東京証券取引所などが6月18日に発表した2014年度の株式分布状況調査によると、15年3月末時点で、外国人の株式保有比率は全体の31.7%。1年前より0.9ポイント増え、過去最高を更新しました。3年連続の増加です。
外国人の保有比率は金額ベースで31.7%になり、日本企業の最大の株主となりました。企業収益の拡大期待や、日銀の追加金融緩和で日本株の先高観が強まったことが背景。上場企業では外国人の存在感が一段と高まり、企業に資本効率の改善を求める声が強くなりそう。
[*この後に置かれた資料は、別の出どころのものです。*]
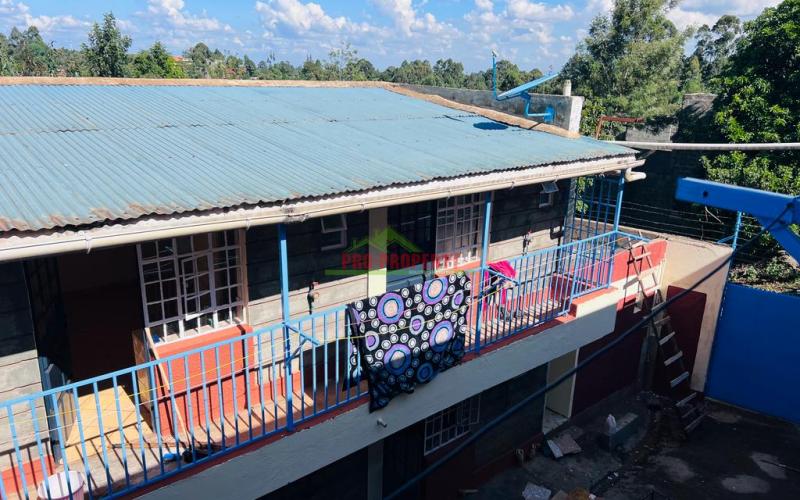 Prime Flat For Sale In Kikuyu,gaitumbi.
また、買い手として外国人を上回ったのが信託銀行で、買越額は3兆5038億円と、外国人と比較して約1兆円の差があります。
ニュースが”わかる”尊徳編集長の解説
Q金額ベースでの保有比率は外国人が最大であるのに対し、買い手としては信託銀行が外国人を上回るとあります。買越額とはなんなのですか?
A株式は売買するものでしょ。売った金額よりも買った金額が多いということ
買った金額よりも、売った金額の方が多ければ当然株価は下がる。株は、買い手がいなければ値下がりするし、買い手がいれば価格は上がるからね。
信託銀行は今後も企業の業績が上がると見越して日本の株式を買い越してるんでしょ。だから株価が上がってるんだね。
Q国内の個人投資家と外国人投資家では、企業に求めるものはどのように変化するのですか? これを受けて企業はどのように変わっていくのでしょう。
A国内も海外も基本的には変わらないよ。企業価値を高めて、業績を上げてほしいと願ってる。
海外の株主はそれ相応に経営に対して厳しく注文する傾向にあるから、外人投資家が増えると経営にも緊張感があるといわれてる。
どちらかというと、国内の株主は”物言わぬ株主”で、経営者に一任するという傾向が強かった。特に、銀行などの金融機関は大量の株式を保有しながら、経営に口出しすることはあまりない。
だけど、最近はそれも変わってきて、生命保険会社などの巨大投資家が会社提案に反対票を投じるなど、ようやく物言う株主になってきたよね。